一个诗人的改造
1942年6月,胡康河谷,正值雨季,漫天大雨的丛林中,什么也看不见,只有浓烈而令人窒息的瘴气。
在缅甸语中,胡康河谷的意思是:魔鬼居住的地方。
一个年轻人,染上了疟疾和伤寒,奄奄一息。
他来自一支军队。很久很久以后,中国人几乎忘了这支军队的名字——远征军。
他们的路线,是从缅甸撤退到印度的雷多,总撤退路线大约650公里。我有一位朋友,曾经在2015年,企图重走这段路,最后没能走完。回来,他告诉我们,许多路段,至今不能通汽车,唯有驮马,方能前行。
那个年轻人,原本有一匹马的。可是被打死了,同样被打死的,还有他的传令兵,凶手都是日本人。
中国远征军的撤退路,实际上是一条自杀式的殿后路,日本人穷追猛打,无数人倒了下来——当8万多远征军官兵最终走出热带雨林时,只有一半活下来了。
这个年轻人是杜聿明将军的翻译。杜将军说:“我还有两片药,但能不能治好你,我也不知道。”他分了他一片。
这一片药,让他活了下来。
这个年轻人,叫查良铮,我们更熟悉他的笔名——穆旦。
查良铮的名字,很容易会让人想起金庸(查良镛)。事实上,他们并不相熟,金庸属于南查,查良铮属于北查一支,到了查良铮这一辈,家境已经没落,但寒门学子,最为自强不息。
1935年,17岁的查良铮同时被三所大学录取,最终,他选择了清华大学外文系。我之前在里讲过,在清华南迁过程中,查良铮选择的是步行的“湘黔滇旅行团”。这时候,他已经凭借着“穆旦”的笔名而小有名气,同学们给他起的绰号是“poet”。

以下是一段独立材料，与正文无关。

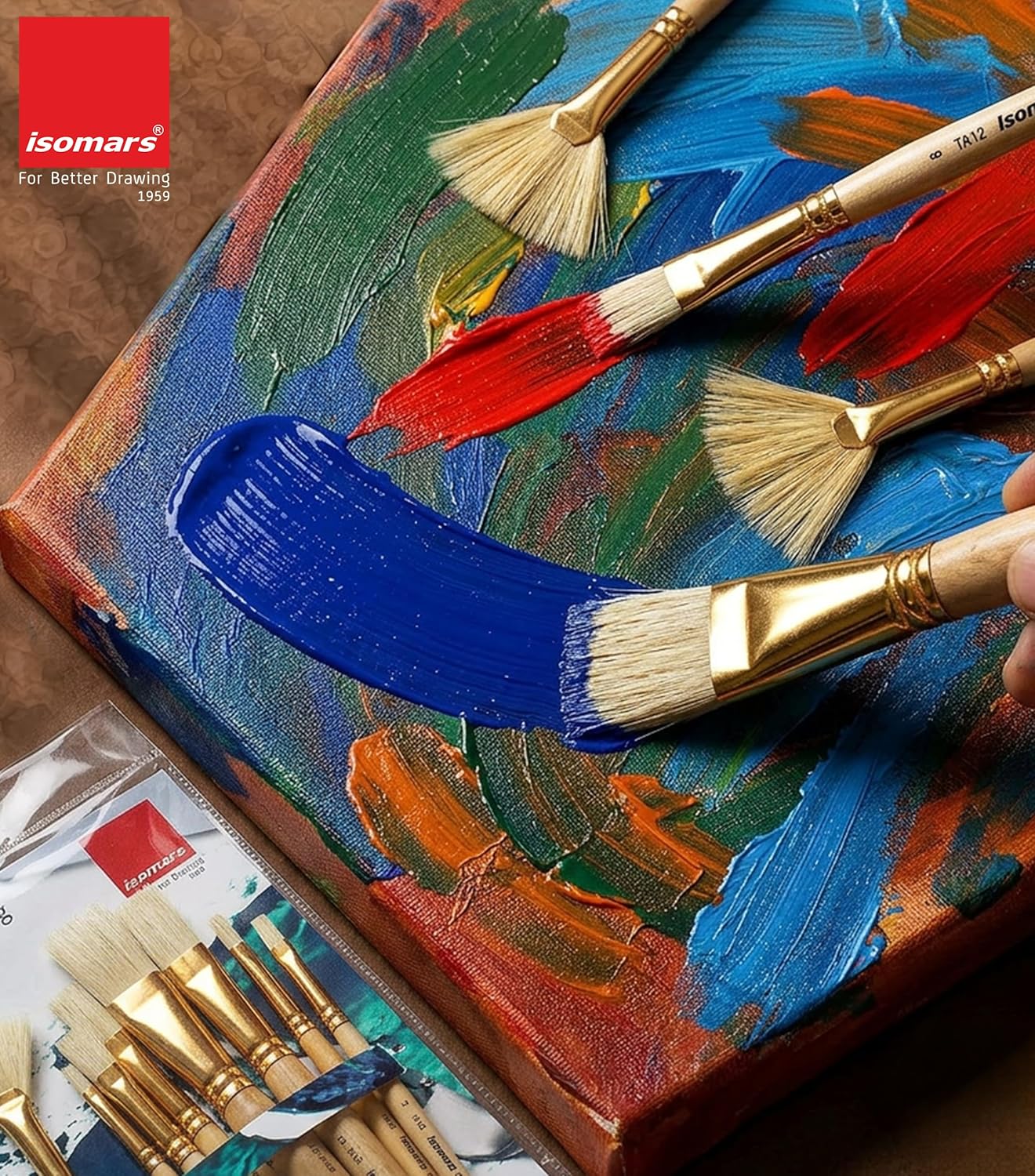 Isomars Flat Hog Hair Paint Brush Set of 8 with Fan Brush – Professional Long Handle Artist Brushes for Oil, Acrylic & Canvas Painting | Natural Bristles for Smooth, Even Strokes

在这支队伍里,穆旦最引人注目的是两点,第一是开饭的时候容易迟到,第二在我的文章里讲过,他每天背英汉词典,据蔡孝敏的回忆:
>> “十一级查良铮兄,系教育家查良钊十七老校友之昆仲,于参加旅行团之前,购买英文小词典一册,步行途中,边走边读,背熟后陆续撕去,抵达昆明,字典已全部撕光。” (出自蔡孝敏《旧来行处好追寻》)
等到了昆明,大家发现,这个之前还风花雪月着的诗人,忽然变了。他的好朋友王佐良说:
>>“到了昆明,我发现穆旦的诗风变了,他是从长沙步行到昆明的,看到了中国内地的真相,他的诗里有了一点泥土气,语言也硬朗起来。”
在西南联大同学们的记忆里,穆旦英俊潇洒,文质彬彬,待人接物也礼貌得体。西南联大学生刘吉兆回忆,南湖诗社创办时,征求穆旦意见。
>> “他不只同意,而且热情地和我握手,脸笑得那么甜,眼睛睁得那么亮,至今我记忆犹新” (刘吉兆《南湖诗社始末》)
说实话,我这几天,对着穆旦的照片,痴痴地笑,笑了一个下午。